### DATA TO PROCESS
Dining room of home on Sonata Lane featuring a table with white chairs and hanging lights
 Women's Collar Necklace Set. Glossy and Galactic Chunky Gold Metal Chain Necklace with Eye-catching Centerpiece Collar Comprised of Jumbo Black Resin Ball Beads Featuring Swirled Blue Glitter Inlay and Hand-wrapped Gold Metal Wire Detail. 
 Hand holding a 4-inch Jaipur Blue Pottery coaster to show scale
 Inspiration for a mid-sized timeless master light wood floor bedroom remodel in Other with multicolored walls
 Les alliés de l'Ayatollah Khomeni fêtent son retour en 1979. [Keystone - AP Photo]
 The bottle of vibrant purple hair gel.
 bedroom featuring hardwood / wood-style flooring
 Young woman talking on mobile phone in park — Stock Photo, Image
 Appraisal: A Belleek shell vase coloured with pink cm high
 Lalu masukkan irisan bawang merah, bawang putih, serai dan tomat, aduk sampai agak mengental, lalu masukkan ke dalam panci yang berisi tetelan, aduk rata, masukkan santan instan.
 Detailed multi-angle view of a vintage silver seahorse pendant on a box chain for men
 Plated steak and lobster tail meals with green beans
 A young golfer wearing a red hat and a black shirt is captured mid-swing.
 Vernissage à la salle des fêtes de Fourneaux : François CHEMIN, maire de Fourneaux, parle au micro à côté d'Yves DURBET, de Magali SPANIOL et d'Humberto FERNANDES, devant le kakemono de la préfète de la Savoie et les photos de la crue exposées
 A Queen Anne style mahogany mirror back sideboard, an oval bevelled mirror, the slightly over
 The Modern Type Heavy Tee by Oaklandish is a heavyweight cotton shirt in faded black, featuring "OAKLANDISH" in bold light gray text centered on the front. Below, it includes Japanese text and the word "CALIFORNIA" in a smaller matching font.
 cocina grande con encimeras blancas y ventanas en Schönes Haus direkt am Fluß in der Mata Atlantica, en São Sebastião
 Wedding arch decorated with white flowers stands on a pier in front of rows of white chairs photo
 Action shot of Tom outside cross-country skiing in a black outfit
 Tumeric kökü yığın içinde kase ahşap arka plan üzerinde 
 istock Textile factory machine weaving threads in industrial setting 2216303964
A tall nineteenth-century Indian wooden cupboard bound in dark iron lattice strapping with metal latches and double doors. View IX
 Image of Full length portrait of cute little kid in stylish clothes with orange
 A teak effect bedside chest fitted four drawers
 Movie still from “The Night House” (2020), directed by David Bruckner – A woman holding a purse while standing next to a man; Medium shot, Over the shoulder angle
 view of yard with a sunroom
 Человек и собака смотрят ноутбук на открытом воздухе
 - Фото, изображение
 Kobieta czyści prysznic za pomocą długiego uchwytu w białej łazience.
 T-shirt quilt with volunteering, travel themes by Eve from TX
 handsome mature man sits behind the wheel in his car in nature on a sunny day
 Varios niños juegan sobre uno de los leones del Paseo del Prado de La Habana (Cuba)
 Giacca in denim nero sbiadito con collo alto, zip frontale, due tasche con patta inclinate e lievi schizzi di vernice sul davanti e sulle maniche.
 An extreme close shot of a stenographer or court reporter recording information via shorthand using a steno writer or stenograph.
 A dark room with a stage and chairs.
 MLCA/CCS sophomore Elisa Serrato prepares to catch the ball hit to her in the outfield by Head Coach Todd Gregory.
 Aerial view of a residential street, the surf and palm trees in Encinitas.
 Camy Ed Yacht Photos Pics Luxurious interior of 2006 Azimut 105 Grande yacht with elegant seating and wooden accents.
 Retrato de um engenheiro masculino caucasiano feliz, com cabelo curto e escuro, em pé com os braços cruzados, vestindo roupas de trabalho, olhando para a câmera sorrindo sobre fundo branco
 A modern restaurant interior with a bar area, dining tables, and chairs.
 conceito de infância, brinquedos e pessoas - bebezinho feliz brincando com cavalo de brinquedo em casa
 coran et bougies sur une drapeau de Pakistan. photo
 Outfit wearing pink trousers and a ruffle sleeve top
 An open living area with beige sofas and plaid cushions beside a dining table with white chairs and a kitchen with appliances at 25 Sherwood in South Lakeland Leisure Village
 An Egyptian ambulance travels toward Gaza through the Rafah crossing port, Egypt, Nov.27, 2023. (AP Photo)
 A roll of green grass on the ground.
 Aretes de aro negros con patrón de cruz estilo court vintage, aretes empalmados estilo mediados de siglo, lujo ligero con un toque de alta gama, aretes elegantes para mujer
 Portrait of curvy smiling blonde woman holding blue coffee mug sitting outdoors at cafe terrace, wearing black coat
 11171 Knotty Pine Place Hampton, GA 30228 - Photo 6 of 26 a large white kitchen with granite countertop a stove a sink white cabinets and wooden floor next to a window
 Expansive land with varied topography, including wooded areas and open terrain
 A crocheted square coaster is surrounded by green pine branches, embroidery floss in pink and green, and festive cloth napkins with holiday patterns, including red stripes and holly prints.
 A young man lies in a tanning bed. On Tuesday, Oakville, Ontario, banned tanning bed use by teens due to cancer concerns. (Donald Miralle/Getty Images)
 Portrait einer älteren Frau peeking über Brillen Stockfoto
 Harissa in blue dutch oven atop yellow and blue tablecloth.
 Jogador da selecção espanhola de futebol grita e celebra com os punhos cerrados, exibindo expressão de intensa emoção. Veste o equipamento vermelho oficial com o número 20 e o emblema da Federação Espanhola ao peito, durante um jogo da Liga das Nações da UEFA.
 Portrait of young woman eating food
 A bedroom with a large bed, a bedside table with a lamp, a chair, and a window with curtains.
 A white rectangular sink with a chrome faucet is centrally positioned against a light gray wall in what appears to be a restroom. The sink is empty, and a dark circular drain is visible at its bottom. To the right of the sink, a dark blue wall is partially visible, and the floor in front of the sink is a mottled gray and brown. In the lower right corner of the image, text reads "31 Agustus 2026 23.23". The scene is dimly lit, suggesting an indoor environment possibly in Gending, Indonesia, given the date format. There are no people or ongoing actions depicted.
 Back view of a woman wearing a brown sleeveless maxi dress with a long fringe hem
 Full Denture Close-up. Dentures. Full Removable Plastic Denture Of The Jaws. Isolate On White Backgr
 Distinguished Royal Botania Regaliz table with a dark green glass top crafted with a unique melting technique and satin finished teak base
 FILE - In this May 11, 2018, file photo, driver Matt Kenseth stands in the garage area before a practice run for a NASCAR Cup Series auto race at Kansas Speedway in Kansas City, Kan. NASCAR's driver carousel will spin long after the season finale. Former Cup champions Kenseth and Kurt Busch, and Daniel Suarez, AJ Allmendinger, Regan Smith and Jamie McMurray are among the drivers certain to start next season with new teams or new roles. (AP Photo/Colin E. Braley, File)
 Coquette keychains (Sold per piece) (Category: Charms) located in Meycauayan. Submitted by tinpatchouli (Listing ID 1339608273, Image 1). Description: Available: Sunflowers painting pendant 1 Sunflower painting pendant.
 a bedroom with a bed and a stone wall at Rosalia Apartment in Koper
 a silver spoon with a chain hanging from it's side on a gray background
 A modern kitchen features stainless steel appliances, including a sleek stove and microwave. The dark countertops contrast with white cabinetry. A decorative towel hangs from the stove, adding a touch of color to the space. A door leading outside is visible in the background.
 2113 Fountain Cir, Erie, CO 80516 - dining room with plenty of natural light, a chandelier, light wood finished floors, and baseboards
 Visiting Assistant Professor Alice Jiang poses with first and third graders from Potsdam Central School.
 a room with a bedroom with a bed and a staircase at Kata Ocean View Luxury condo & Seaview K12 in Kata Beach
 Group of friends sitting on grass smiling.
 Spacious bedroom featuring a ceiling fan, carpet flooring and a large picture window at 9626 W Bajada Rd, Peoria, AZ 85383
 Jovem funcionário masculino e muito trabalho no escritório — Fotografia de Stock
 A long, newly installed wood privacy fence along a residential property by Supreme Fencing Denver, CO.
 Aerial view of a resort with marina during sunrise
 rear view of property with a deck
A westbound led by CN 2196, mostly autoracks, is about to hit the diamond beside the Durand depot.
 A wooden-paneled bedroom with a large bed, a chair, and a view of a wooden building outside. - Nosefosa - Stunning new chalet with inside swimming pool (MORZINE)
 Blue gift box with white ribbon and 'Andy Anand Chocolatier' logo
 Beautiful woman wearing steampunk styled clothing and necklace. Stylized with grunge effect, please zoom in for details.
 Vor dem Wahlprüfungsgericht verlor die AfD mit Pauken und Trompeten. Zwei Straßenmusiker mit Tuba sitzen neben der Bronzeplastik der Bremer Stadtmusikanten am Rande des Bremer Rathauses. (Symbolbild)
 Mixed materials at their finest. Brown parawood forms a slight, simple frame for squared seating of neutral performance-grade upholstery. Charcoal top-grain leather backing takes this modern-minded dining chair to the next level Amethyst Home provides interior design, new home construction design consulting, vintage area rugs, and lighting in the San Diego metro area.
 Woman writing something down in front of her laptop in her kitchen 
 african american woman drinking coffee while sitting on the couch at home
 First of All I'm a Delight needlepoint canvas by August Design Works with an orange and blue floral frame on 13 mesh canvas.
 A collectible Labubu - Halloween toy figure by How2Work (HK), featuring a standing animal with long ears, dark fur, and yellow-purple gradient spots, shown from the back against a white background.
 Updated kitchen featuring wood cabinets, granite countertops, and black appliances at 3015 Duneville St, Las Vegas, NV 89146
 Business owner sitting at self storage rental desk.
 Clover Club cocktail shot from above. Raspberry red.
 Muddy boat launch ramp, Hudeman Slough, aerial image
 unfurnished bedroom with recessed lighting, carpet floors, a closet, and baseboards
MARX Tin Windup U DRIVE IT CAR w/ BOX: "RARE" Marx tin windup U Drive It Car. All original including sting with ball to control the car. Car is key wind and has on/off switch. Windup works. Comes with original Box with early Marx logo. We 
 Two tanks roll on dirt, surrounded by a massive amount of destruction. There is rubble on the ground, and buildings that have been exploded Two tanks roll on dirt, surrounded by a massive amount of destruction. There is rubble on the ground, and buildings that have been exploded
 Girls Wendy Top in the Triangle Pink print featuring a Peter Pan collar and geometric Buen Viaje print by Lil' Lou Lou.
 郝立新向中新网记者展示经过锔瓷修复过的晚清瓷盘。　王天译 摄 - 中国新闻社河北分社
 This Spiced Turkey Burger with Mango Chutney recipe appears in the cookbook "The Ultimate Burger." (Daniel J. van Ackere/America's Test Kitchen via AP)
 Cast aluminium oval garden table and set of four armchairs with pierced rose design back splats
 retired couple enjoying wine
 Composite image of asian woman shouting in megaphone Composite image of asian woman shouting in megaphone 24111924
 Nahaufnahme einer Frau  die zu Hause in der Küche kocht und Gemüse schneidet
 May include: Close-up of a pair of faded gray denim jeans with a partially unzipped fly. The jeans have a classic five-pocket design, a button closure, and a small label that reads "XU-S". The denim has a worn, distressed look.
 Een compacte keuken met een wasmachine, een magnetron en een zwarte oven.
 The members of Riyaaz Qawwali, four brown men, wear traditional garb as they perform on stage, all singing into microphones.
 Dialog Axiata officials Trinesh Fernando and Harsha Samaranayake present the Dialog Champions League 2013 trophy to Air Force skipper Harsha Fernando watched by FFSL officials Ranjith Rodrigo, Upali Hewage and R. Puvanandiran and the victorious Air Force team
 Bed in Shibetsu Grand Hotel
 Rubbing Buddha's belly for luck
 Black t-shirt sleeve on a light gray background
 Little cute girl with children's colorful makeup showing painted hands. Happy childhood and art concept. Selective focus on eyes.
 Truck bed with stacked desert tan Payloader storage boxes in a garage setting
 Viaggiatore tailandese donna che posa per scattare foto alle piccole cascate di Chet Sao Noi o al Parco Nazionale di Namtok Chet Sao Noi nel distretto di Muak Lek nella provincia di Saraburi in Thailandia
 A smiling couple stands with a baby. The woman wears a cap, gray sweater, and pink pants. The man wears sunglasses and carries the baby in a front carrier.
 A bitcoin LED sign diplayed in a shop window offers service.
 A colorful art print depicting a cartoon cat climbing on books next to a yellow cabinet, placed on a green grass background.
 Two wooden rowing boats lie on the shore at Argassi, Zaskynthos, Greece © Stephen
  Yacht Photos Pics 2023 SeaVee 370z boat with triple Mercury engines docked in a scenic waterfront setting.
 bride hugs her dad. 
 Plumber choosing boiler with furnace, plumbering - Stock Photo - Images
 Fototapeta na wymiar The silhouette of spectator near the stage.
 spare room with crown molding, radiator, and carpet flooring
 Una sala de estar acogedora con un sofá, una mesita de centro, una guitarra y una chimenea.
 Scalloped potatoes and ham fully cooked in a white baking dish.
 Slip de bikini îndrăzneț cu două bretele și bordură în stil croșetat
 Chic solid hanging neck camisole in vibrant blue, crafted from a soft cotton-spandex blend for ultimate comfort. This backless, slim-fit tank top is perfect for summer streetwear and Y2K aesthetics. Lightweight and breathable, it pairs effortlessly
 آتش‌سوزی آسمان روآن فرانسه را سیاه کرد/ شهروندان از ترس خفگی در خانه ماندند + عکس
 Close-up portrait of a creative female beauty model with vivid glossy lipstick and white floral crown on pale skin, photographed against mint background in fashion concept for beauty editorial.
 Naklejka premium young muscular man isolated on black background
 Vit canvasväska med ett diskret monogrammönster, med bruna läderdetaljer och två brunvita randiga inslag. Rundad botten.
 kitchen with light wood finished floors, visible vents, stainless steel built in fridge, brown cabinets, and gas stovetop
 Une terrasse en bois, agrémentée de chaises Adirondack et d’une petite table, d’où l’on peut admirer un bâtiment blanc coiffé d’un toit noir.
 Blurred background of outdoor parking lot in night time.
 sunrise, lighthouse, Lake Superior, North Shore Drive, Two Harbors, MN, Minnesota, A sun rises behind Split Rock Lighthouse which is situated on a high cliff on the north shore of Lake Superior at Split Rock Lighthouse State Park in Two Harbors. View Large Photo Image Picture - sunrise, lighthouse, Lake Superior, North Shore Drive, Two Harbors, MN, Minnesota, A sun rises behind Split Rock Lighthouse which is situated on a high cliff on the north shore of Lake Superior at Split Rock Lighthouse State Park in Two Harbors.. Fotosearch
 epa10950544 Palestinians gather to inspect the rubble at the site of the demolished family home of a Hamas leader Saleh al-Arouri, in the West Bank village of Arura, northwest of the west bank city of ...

### ACTIVITY
Only the lines that hold the word "shot" are wanted; each should be pulled from the records.

### THE ANSWER
 Action shot of Tom outside cross-country skiing in a black outfit
 Movie still from “The Night House” (2020), directed by David Bruckner – A woman holding a purse while standing next to a man; Medium shot, Over the shoulder angle
 An extreme close shot of a stenographer or court reporter recording information via shorthand using a steno writer or stenograph.
 Clover Club cocktail shot from above. Raspberry red.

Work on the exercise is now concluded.